|Katie on one of the many crossings|
|Through the train trestle|
|Reenie and Bruce Rohrer|
|Katie takes a bath|
Yes, the teen-age party and cliff-jumping crowd may be clued in, but somehow those looking for a spectacular day hike in the area somehow forget about it.
The park is a narrow strip that covers awesome limestone canyons and emerald Belt Creek, 32 miles east and south of Great Falls on U.S. 89.
There are no designated hiking trails, but unofficial trails braid its canyon bottom and along its west slope.
The easiest way to get from one end at Riceville to where the bridge crosses Belt Creek on the Logging Creek Road, is to follow the former bed of a railroad track.
A narrow gauge railroad train used to ply this canyon from Great Falls to Neihart where ore cars would be loaded from the mines there and hauled back to Great Falls for smelting.
The 1953 flood tore out the trestles and by the early 1970s the canyon had pretty much been reclaimed by hikers and fishermen.

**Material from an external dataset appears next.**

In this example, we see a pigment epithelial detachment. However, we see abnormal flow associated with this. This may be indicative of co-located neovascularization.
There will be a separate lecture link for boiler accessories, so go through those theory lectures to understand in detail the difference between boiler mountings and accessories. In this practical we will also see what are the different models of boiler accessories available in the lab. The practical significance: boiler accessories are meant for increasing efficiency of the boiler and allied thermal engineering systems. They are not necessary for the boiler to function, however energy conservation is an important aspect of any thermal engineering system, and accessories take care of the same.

Those hiking the area see the remains of the old railroad; many ties are intact along the trail; there’s an impressive tunnel to walk through; concrete supports are still in place; and intricate rockwork shores up many crossings.

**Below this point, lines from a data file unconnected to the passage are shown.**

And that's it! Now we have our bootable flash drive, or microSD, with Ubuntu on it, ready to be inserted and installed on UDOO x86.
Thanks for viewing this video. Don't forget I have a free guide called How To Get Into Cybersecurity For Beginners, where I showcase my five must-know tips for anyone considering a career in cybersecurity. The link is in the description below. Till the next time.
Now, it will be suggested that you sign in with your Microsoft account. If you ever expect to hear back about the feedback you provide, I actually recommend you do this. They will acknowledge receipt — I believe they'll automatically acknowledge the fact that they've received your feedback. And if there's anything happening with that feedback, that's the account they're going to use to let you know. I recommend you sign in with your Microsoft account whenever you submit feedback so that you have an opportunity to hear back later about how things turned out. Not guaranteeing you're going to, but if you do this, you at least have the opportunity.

Around every corner there’s something interesting to see, from the limestone spires to the twisting creek, to an architecturally interesting double-topped limekiln at the mining ghost town of Albright. There are a number of intact buildings, ore cars and iron rail at Albright.
Depending on which route you hike through, there are between five and 15 crossings. Some of them can be quite deep.
On our trip Saturday the water was as high as I’ve seen it in the past dozen years. It went waist deep on several crossings.
I’d advise waiting a couple of weeks for the water to recede before doing this hike.
I wouldn’t discourage fishermen from hitting either the Riceville or Logging Creek Road bridge areas and wading up the creek from either of those ends.
There are two pretty good access points from the north: Riceville and about two miles up the Riceville Road from the bridge to a well-marked parking area. I like this higher-up starting point. It approaches Belt Creek from a limestone canyon from the east and is on a trail about 100 feet above the creek. At the beginning of the hike there is a little waterfall.
Approaching the park from the South means taking the long, gravel road from Stockett or taking U.S. 89 to the Logging Creek Road, which drops significantly to Belt Creek and is rutted and rocky and one-track in several spots.
To hike through, you’ll need to ferry a car to your end point, but well worth the effort.